District Wins Despite IEP Baseline Errors: Procedural Flaws Without Real Harm
A parent filed a due process complaint against Grossmont Union High School District alleging that her son's IEPs contained inadequate present levels of performance, inappropriate goals, and that the district failed to fully implement his special education services. While the ALJ found real errors in how the district described Student's current abilities in the 2015 IEP, those errors did not rise to a denial of a free appropriate public education because Student still made progress and Parent's ability to participate in the IEP process was not meaningfully impaired. The district prevailed on all issues and no relief was awarded.
What Happened
Student is a 17-year-old high school student at Steele Canyon High School, a charter school within Grossmont Union High School District. He is eligible for special education because of a specific learning disability and a speech and language impairment, and also struggles with executive functioning, anxiety, and self-esteem. Student was taking college preparatory classes with the goal of obtaining a regular diploma and attending college. His IEPs provided him with specialized academic instruction (a study skills support class), speech and language services, and eventually counseling for his anxiety and self-esteem challenges.

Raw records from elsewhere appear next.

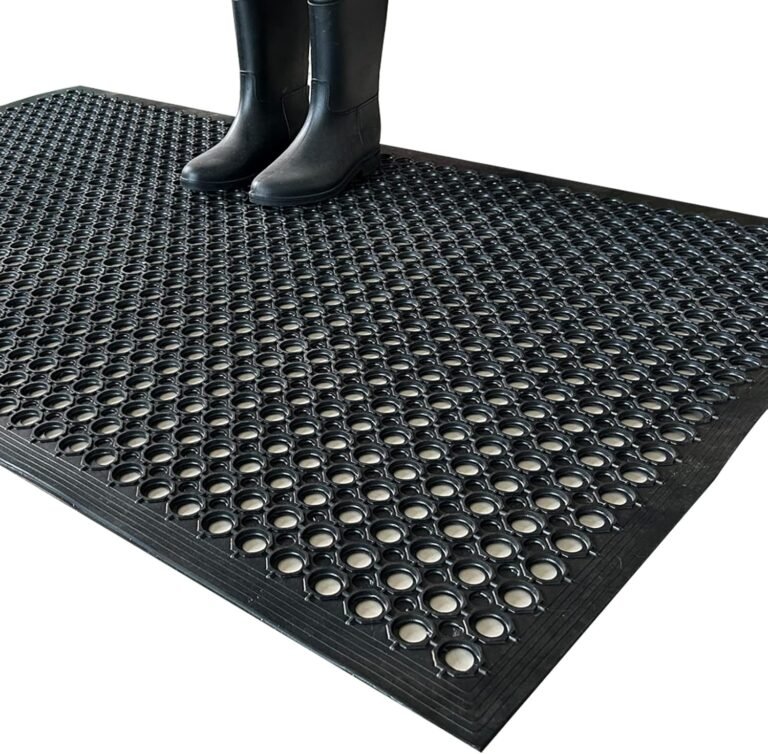 Black Uniboho rubber floor mat with circular drainage holes and person in rubber boots standing on anti-slip surface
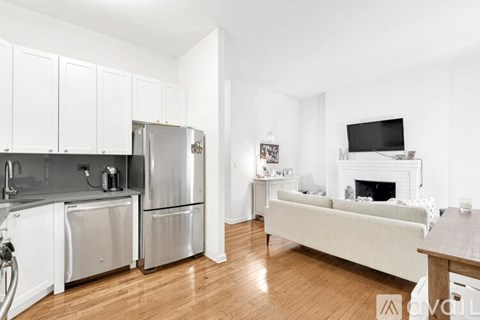 A kitchen with white cabinets and a refrigerator, a white sofa, and a fireplace in the living room.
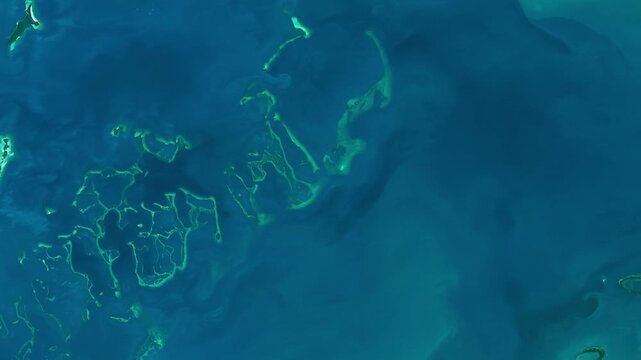 Bird's eye view on atolls in azure sea in tropical area. Camera is moving left. Animation based on image by NASA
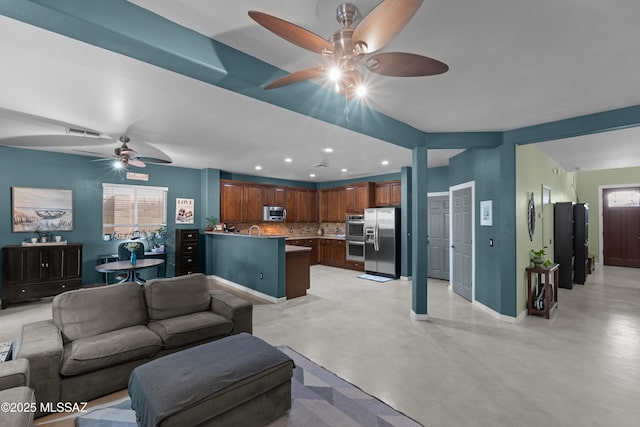 17213 S Mesa Shadows Dr, Vail, AZ 85641 - living room featuring a ceiling fan, recessed lighting, finished concrete floors, healthy amount of natural light, and baseboards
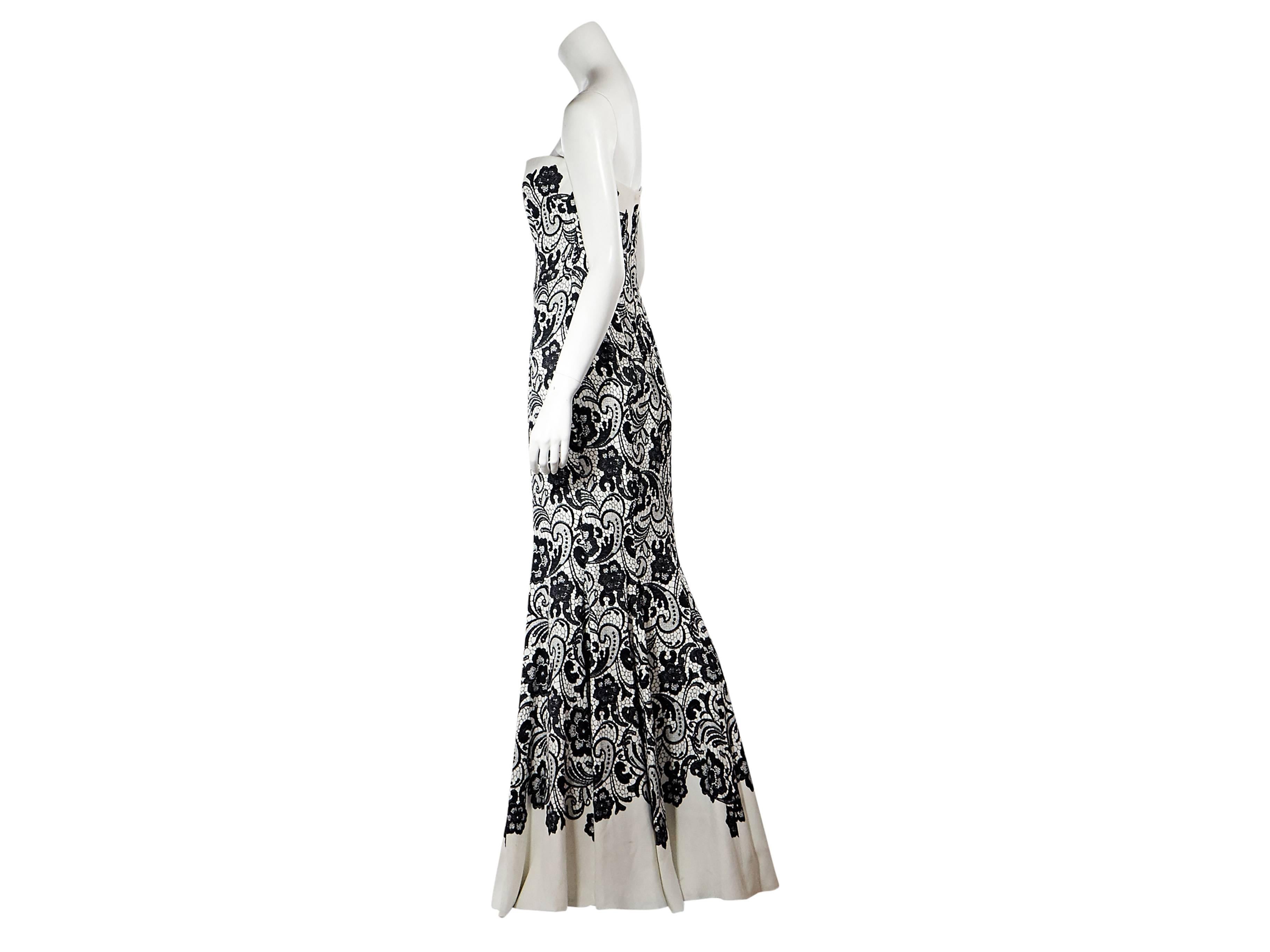 Product details: White and black strapless floral lace gown by Dolce & Gabbana. Formfitting silhouette. Concealed back zip closure. Inner boned corset for structure. Label size IT 42. 
Condition: New with tags. 
Est. Retail $ 6,225.00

Parent was deeply involved in Student's education — she attended every IEP meeting, brought an advocate starting in August 2015, stayed in frequent contact with teachers, and monitored Student's grades closely. Despite her advocacy, Parent grew frustrated that she could not get clear answers from the district about why Student was not progressing more quickly. Parent filed a due process complaint in February 2017, raising three main issues: (1) that the district's IEPs contained vague and outdated descriptions of Student's current skill levels; (2) that the annual goals in those IEPs were inappropriate; and (3) that the district failed to fully deliver Student's specialized academic instruction because it pulled him out of that class to attend speech and counseling sessions instead of pulling him from general education classes.
What the ALJ Found
The ALJ found that the district did commit real procedural errors in the October 2015 IEP. Specifically, the baseline descriptions for Student's math, writing, and word analysis abilities were inadequate — in one case, the math baseline referred to an entirely different student by name and wrong gender, and in all three areas the baseline information was copied verbatim from a 2014 IEP without being updated to reflect Student's actual current performance. The March 2016 "clean up" of those baselines — done by a staff member without reconvening the full IEP team — was found to be ineffective and could not fix the earlier errors.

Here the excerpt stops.